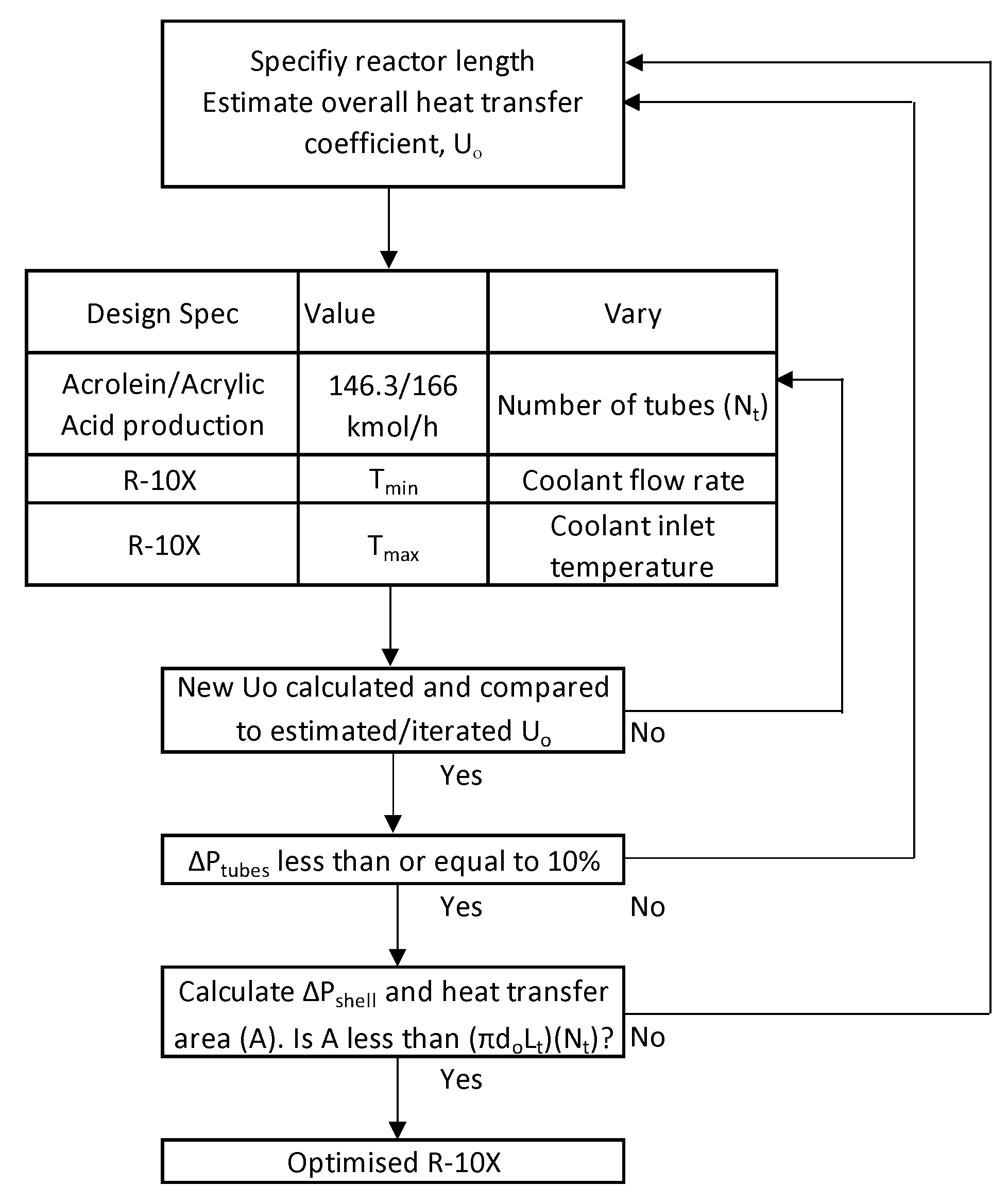 Energies 13 01971 g002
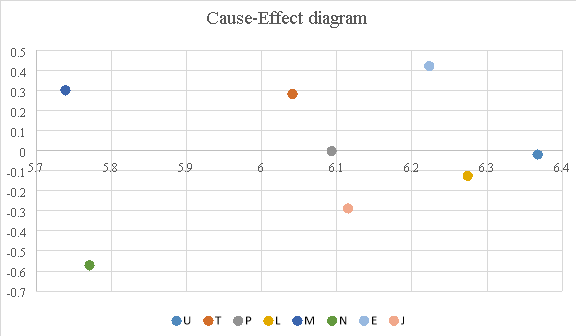 Fuzzy Dematel Chart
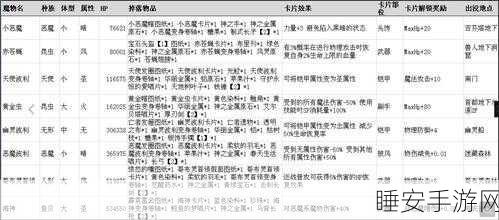 RO 仙境法师装备全攻略，打造最强魔法之力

## DESCRIPTION OF THE TASK
Each line of the material needs to be given again exactly, without any of its pictures.

## OUTPUT BELOW
 Energies 13 01971 g002
 Fuzzy Dematel Chart
 RO 仙境法师装备全攻略，打造最强魔法之力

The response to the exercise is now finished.